The court in Jester applied these principles to the challenged statute and found that the distinction challenged by Jester did not approach this requisite level of irrationality. Id. Specifically, the court explained that Congress enacted the statute in order to keep firearms out of the hands of those persons whose prior conduct indicated a heightened proclivity for using firearms to threaten community peace. Id. The court further noted that the statute also reduces unnecessary restrictions on the conduct of some felons who do not exhibit these dangerous tendencies. Id. The court concluded that it was perfectly reasonable for Congress to assume that violent felons would pose a higher risk of endangering the public with a firearm than the statute's class of exempted non-violent offenders. Id.
Here, as in Jester, Baker's challenge to Ind.Code § 35-47-4-5 is subject to a rational basis review, and we will not invalidate it unless it draws distinctions that simply make no sense. See id. As in Jester, we find that the legislature enacted this statute to keep firearms out of the hands of those persons whose prior conduct indicated a heightened proclivity for using firearms to threaten community peace. We also find that it was reasonable for the legislature to assume that violent felons would pose a higher risk of endangering the public with a firearm than the class of exempted non-violent offenders. We therefore find no violation of the equal protection clause. See Jester, 139 F.3d at 1171.

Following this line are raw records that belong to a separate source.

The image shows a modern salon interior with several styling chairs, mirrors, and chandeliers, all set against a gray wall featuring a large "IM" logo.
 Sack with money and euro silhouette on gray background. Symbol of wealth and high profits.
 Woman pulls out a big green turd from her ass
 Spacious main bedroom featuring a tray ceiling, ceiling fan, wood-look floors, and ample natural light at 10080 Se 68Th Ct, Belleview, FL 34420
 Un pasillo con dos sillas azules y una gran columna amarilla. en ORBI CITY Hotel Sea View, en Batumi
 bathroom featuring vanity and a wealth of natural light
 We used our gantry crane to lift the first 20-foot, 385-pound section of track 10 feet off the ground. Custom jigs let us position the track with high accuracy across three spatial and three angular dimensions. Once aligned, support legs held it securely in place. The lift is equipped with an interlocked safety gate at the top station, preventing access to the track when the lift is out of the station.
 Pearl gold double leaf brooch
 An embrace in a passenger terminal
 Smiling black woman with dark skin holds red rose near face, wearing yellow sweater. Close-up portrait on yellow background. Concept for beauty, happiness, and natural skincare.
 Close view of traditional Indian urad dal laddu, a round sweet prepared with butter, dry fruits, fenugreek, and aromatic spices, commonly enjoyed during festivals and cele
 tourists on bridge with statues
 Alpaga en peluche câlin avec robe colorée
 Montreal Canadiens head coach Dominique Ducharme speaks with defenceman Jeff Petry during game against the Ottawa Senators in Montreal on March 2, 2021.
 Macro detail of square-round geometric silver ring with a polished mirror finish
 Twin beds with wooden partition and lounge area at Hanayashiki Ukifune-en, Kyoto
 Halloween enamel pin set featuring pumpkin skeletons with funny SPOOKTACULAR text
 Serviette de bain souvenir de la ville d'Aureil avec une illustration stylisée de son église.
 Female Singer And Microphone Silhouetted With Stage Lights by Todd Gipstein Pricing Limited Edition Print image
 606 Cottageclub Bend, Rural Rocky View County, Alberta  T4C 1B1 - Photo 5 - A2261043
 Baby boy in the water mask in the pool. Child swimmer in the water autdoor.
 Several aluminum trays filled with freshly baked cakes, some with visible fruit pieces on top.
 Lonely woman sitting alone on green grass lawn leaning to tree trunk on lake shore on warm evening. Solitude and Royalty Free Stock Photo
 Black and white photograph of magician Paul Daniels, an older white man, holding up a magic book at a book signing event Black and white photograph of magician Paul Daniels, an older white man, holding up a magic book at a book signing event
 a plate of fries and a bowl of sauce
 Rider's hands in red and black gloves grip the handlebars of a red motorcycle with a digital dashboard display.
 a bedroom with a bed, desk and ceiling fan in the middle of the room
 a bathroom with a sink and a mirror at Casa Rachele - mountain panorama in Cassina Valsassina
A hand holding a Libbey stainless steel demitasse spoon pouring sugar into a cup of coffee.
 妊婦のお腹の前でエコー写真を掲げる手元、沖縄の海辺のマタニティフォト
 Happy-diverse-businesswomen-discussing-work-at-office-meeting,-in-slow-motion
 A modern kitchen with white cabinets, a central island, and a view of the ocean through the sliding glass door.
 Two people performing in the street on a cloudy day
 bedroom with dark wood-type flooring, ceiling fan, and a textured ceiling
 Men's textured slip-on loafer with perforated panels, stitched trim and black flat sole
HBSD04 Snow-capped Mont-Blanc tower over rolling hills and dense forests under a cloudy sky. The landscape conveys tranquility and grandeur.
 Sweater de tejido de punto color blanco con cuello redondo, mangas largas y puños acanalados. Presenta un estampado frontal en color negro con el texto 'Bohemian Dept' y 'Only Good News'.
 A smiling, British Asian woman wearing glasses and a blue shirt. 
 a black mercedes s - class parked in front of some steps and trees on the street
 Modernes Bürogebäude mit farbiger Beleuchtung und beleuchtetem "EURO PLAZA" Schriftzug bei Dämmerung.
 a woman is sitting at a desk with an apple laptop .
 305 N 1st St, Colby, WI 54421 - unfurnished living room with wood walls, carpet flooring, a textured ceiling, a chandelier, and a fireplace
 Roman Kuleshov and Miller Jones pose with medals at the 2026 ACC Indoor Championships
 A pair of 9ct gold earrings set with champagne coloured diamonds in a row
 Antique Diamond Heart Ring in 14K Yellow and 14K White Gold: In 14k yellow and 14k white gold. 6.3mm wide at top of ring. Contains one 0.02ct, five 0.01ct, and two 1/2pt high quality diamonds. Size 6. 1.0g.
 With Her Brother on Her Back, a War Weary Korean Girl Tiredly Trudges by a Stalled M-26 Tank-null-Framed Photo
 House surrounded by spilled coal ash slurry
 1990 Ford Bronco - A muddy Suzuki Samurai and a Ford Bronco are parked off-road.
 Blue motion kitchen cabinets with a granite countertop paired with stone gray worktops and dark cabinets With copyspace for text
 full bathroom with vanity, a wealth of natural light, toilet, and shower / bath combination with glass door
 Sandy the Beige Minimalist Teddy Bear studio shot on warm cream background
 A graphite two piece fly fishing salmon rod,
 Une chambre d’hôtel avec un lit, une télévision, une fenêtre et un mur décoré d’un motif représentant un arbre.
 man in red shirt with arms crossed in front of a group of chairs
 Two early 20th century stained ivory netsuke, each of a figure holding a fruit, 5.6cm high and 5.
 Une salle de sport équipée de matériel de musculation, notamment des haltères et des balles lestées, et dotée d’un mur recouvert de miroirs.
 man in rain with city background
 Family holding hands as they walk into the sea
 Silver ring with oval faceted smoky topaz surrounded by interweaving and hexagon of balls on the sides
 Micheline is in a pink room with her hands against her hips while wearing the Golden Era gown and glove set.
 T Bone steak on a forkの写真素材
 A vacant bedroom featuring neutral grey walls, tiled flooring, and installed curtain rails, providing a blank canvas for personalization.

For the foregoing reasons, we affirm the judgment of the trial court.
Affirmed.
KIRSCH and MATTINGLY-MAY, JJ., concur.
NOTES
[1] Ind.Code § 35-42-2-1.5.
[2] Ind.Code § 35-47-4-5.
[3] "Peeps" is the street name for the Vice Lords gang. Record, p. 194.
[4] Ind.Code § 35-47-4-5(c) provides that a serious violent felon who knowingly or intentionally possesses a firearm commits unlawful possession of a firearm by a serious violent felon. A serious violent felon includes a person who has been convicted in Indiana of robbery. See I.C. §§ 35-47-4-5(a)(1) and (b)(12).
[5] The Indiana Constitution provides that the "General Assembly shall not grant to any citizen or class of citizens, privileges or immunities, which, upon the same terms, shall not equally belong to all citizens." Ind. Const. Art I, § 23.
[6] Baker claims that the statute violates both the Second Amendment to the United States Constitution and Article I, § 32 of the Indiana Constitution. However, the Second Amendment has never been incorporated to the states through the Fourteenth Amendment. See Kellogg v. City of Gary, 562 N.E.2d 685, 692 (Ind.1990). We therefore address only the state constitutional argument.
[7] The Equal Protection Clause of the United States Constitution provides as follows: "No State shall make or enforce any law which shall abridge the privileges or immunities of citizens of the United States; nor shall any State deprive any person of life, liberty, or property, without due process of law; nor deny to any person within its jurisdiction the equal protection of laws."